-- Supplied material follows --

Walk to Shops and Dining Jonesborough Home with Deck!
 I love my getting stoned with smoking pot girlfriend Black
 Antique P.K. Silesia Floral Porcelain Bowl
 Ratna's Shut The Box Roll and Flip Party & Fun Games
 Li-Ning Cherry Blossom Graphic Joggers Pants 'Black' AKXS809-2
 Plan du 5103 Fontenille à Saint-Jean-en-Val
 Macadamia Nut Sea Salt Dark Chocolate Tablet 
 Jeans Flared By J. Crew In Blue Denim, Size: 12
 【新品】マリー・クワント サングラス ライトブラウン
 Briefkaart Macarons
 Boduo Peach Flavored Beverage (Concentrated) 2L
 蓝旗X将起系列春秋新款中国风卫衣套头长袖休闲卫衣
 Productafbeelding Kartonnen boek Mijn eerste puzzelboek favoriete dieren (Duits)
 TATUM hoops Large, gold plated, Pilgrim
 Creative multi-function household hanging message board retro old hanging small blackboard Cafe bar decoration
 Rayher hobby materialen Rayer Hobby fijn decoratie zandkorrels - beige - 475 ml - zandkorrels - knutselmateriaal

-- Supplied material concluded --

* About this exercise
Pick out all lines from the data above in which the word "with" appears.

* Task answer
Walk to Shops and Dining Jonesborough Home with Deck!
 I love my getting stoned with smoking pot girlfriend Black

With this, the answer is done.